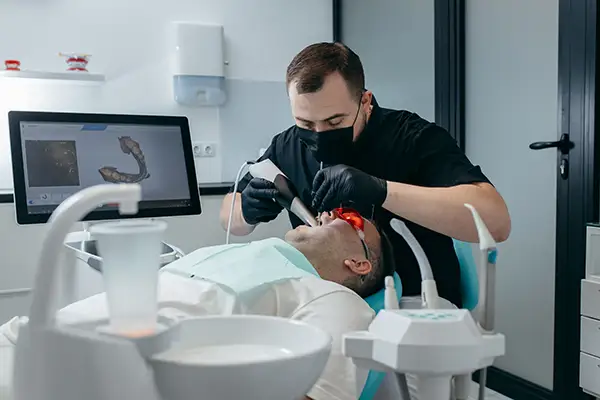 Dentist using a DIAGNOdent pen to detect tooth decay on a patient.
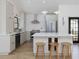 Modern kitchen with stainless steel appliances, a center island, and stylish bar stools at 209 Dickens Dr, Raleigh, NC 27610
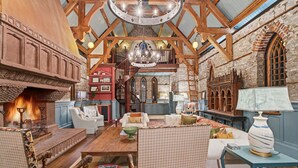 A spacious room with a high ceiling, exposed wooden beams, a fireplace, and a cozy seating area with multiple chairs and a table. - Incredible Coastal Castle on Sullivans Island (Sullivans Island)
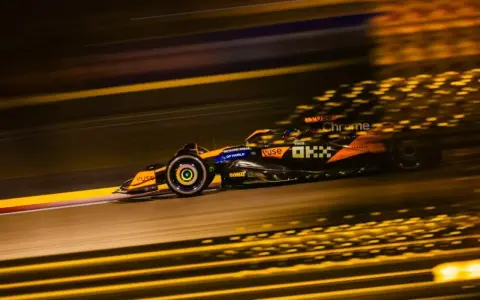 Un coche de **fórmula 1** naranja y negro acelera en la noche, dejando estelas de luz dorada.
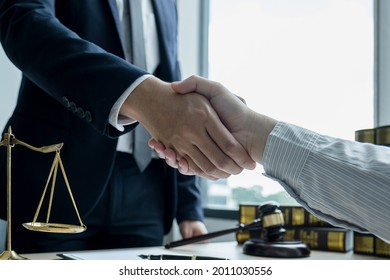 Handshake After Lawyer  Providing Legal Consult Business Dispute Service To The Man At The Office With Justice Scale And Gavel Hammer.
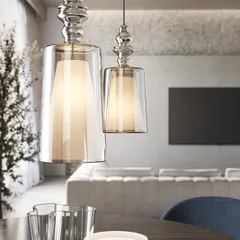 A pair of these reimagined glass pendants over a dining table. The design features an inner diffuser, which creates a soft, warm glow, while the outer clear glass adds depth and reflection.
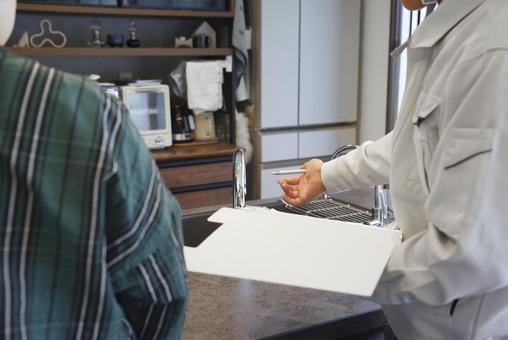 業者の男性から水道の説明を受ける女性 業者の男性から水道の説明を受ける女性 キッチン,台所,水回りの写真素材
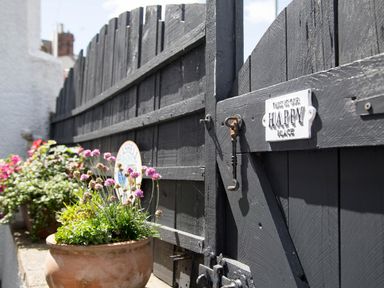 A black wooden gate with a metal sign and a potted plant with flowers at Seashell Cottage in Amble-By-The-Sea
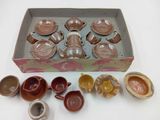 a box with a bunch of cups and saucers in it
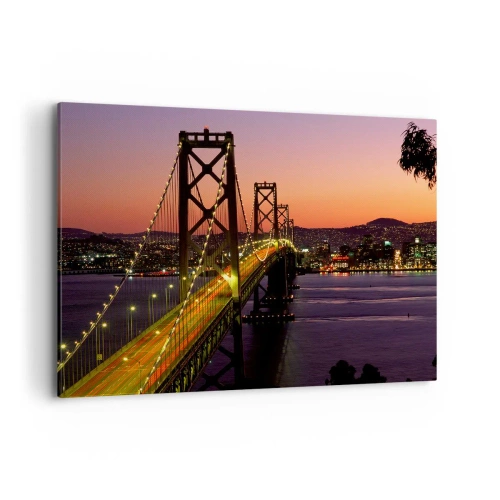 Obraz na płótnie - Most podświetlony nocą nad wodą z panoramą miasta - 100x70cm - Wieczór we fiolecie - Nowoczesna dekoracja ścienna do salonu, kuchni i sypialni ARTTOR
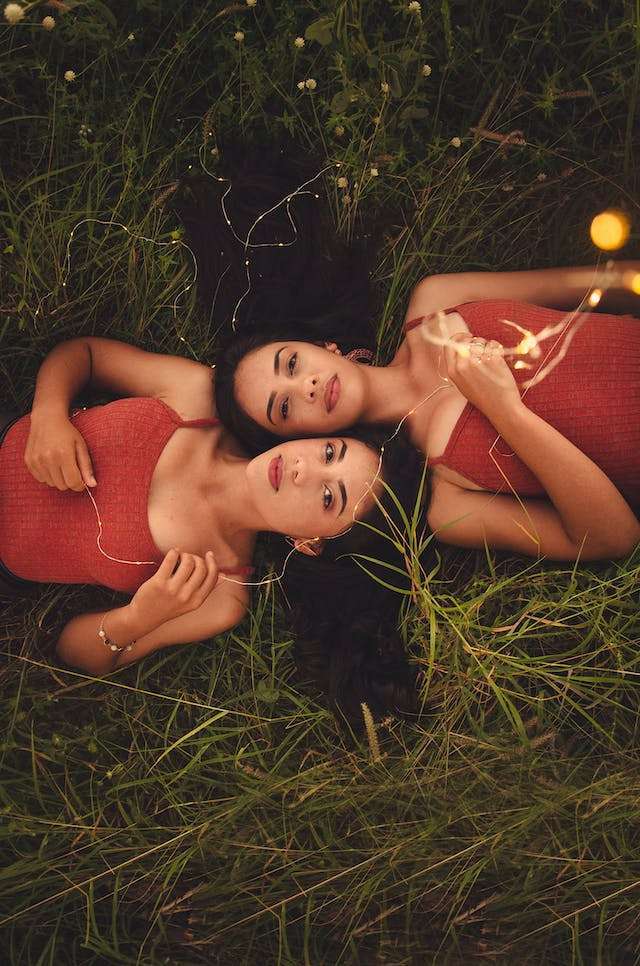 Twins lie in grass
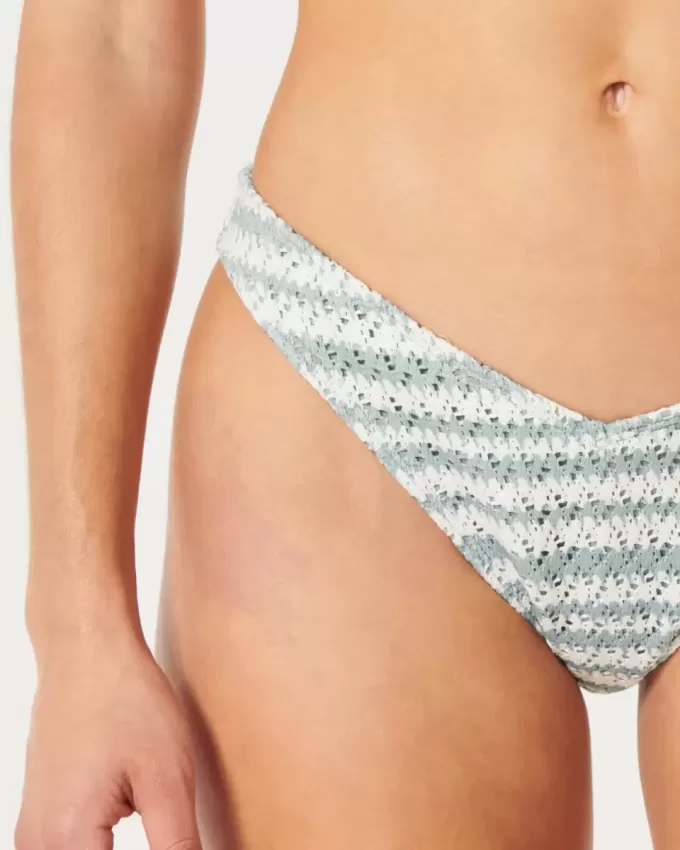 Braguita de bikini atrevida de pierna alta estilo crochet Braguita de bikini atrevida de pierna alta estilo crochet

^^^^^^^^

• [Problem requirements]: Lines from the start of the listing above through the line holding "Modern kitchen with" are to be duplicated exactly, and nothing more; leave out the pictures.

• [Result of this task]:
 Dentist using a DIAGNOdent pen to detect tooth decay on a patient.
 Modern kitchen with stainless steel appliances, a center island, and stylish bar stools at 209 Dickens Dr, Raleigh, NC 27610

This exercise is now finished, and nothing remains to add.